问题
I have created a model endpoint which is InService and deployed on an ml.m4.xlarge instance. I am also using API Gateway to create a RESTful API.
Questions:
Is it possible to have my model endpoint only Inservice (or on standby) when I receive inference requests? Maybe by writing a lambda function or something that turns off the endpoint (so that it does not keep accumulating the per hour charges)
If q1 is possible, would this have some weird latency issues on the end users? Because it usually takes a couple of minutes for model endpoints to be created when I configure them for the first time.
If q1 is not possible, how would choosing a cheaper instance type affect the time it takes to perform inference (Say I'm only using the endpoints for an application that has a low number of users).
I am aware of this site that compares different instance types (https://aws.amazon.com/sagemaker/pricing/instance-types/)
But, does having a moderate network performance mean that the time to perform realtime inference may be longer?

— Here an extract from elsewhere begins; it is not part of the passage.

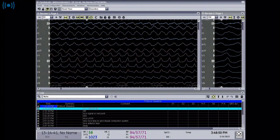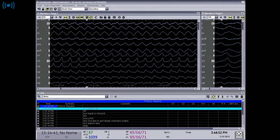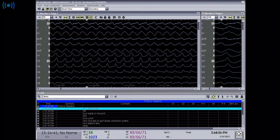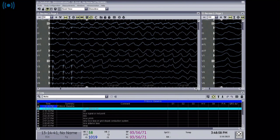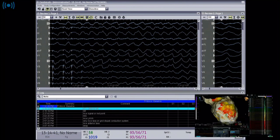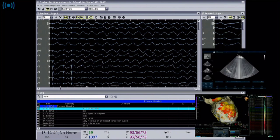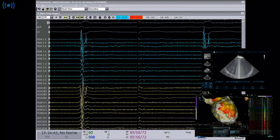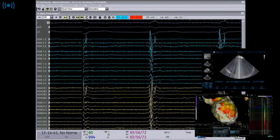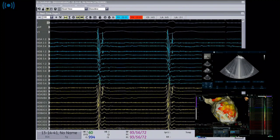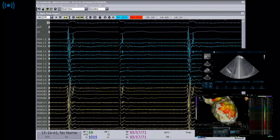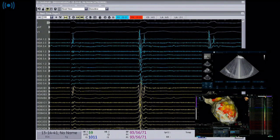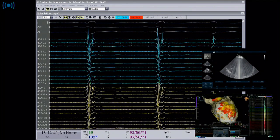Regarding the setup: we have general anesthesia for this case. We started with introduction of sheaths, we have intracardiac echo, RV pacing catheter, and use both transseptal and retrograde approach to have good access to all sites. Before doing any mapping maneuver, we went on to program stimulation.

Any recommendations are much appreciated. The goal is not to burn money when users are not requesting for predictions.
回答1:
How large is your model? If it is under the 50 MB size limit required by AWS Lambda and the dependencies are small enough, there could be a way to rely directly on Lambda as an execution engine.
If your model is larger than 50 MB, there might still be a way to run it by storing it on EFS. See EFS for Lambda.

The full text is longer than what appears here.